News and Opinion from Sisters, Oregon

Sisters Country birds

Gliding up- and downstream on the Metolius or Deschutes rivers, the American Osprey (Pandion haliaetus) searches for available fish, which is 99 percent of its diet. When its prey is spotted, the Osprey dives in the water and uses the barbed pads on the bottom of its talons to grip the slippery fish, and carries it headfirst to make it as aerodynamic as possible. An outer toe is reversible to enable it to grasp the fish with two toes forward and two back, which provides a more stable grip in flight.

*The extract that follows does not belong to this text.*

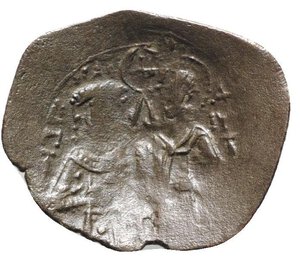 reverse: John Comnenus-Ducas (Emperor of Thessalonica, 1237-1242). BI Trachy (28.5mm, 3.91g, 6h). Thessalonica. Half-length facing bust of St. Theodore, holding spear and shield. R/ Half-length facing busts of John and St. Demetrius, holding between them staff surmounted by cross within ring. DOC 17; Sear 2202. VF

During breeding season, males will perform an aerial “sky dance.” Clutching a fish or nest material, they hover as much as 600 feet above the nest for up to 10 minutes, with screaming calls, while slowly descending to the nest. One to four creamy to pinkish-cinnamon eggs are laid in a large stick nest and hatch in 36 to 42 days. Chicks remain in the nest for 50 to 55 days while being fed fish by both parents. Ospreys will nest up to 12 miles from their watery hunting areas. I have observed a number of nests on the shoulders of Mt. Jefferson.

Osprey populations in North America declined dramatically from 1950-1972 due to pesticides such as DDT, which caused eggshell thinning. DDT was banned in 1972 and ospreys have thrived ever since. However, they remain on several states’ endangered or threatened lists.

Ospreys are also known as “fish eagles,” “seahawks,” or “river hawks.”